The profits of Warner were stipulated to be $992,587. Of this, the jury found $350,-000 awardable before considering the question of increasing or decreasing. Finally, considering the power to increase or decrease in the interest of justice, the jury adhered to the $350,000 figure. Combining this with the $150,000 found above on account of the plaintiff’s trebled loss, the jury made a total award of $500,000.
Counsel were offered the opportunity to have the jury instructed further with a view to rationalizing possible or apparent discrepancies and inconsistencies. All parties declined further instruction and accepted the jury’s verdict in the form rendered (without waiver of Warner’s contention that certain issues were properly the province of the court and not that of the jury).
I accept and adopt the jury’s finding of $50,000 as the measure of plaintiff’s loss. Plaintiff’s expert testified persuasively that “the Rubberband” was a “terrific” name for a rock group.
The proof showed convincingly that the defendants have appropriated plaintiff’s name, that he cannot hope to achieve success or be marketed by any record company using a name so likely to be associated with the successful defendant Collins.
I find plaintiff will be required to find, adopt and register a new name and will lose whatever goodwill he may have built up in the Rubberband name.
The next question now submitted concerns the division of responsibility between court and jury as to other aspects of the damages award.

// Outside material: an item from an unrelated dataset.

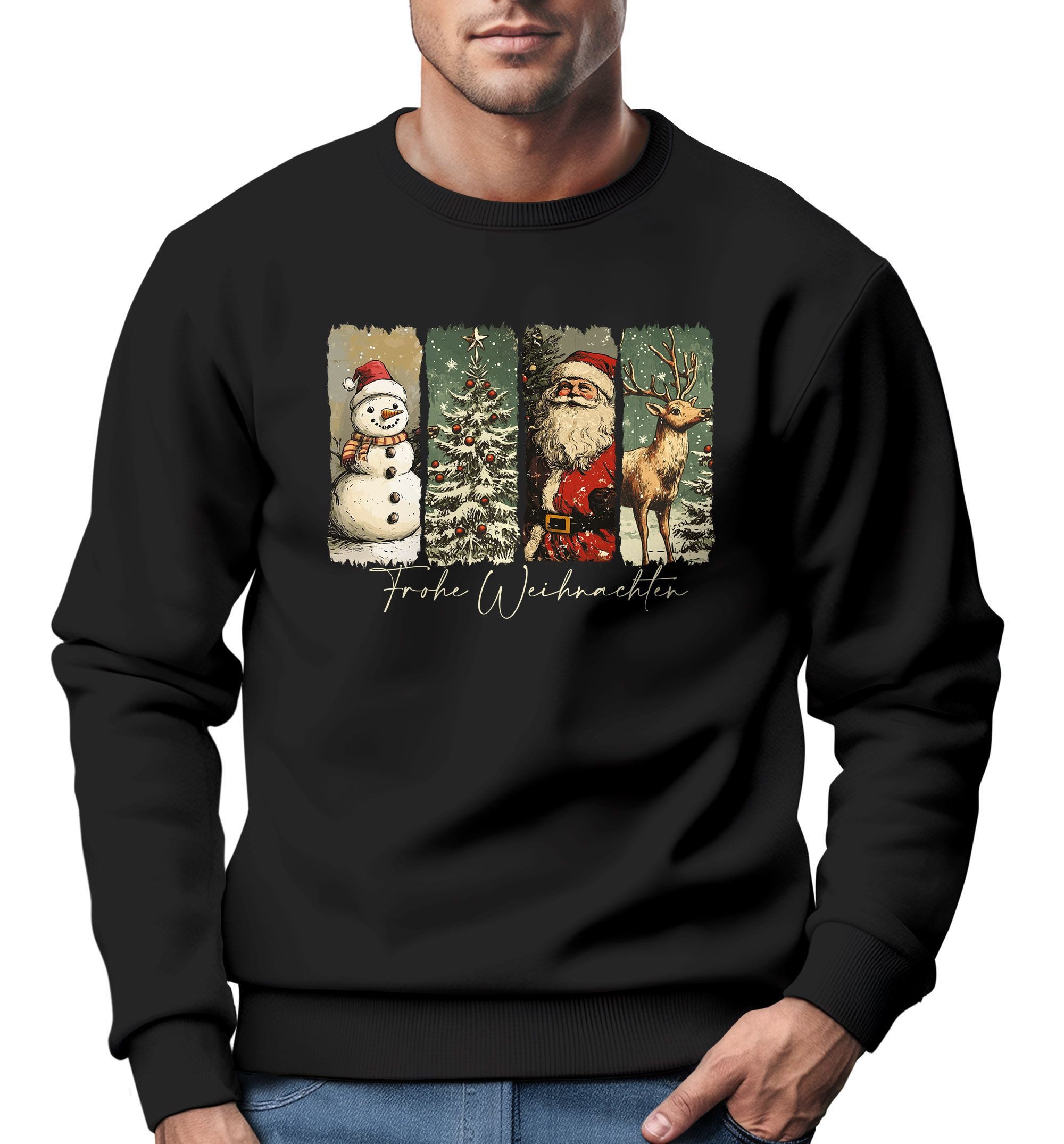 Sweatshirt Sweatshirt Herren Weihnachten Retro Design mit Schneemann Tannenbaum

The dispute does not involve the jury’s findings of $0 damages against Collins, which is accepted as conclusive by all parties. It focuses on two particular issues. Warner first contends that the accounting of its profits is a traditional equitable remedy for the court. Second, Warner contends that the statutory authorization to treble loss damages and to increase or decrease awardable profits goes only to the court and not the jury.
Before considering the merits of these questions, I will set forth what my findings are on the affected issues, so as to ascertain whether, and to what extent, it makes any practical difference whether the findings are made by court or jury.
Dealing first with the award based on Warner’s profits, treating the jury’s award as advisory, I concur in the finding that the awardable profits are in the amount of $350,000.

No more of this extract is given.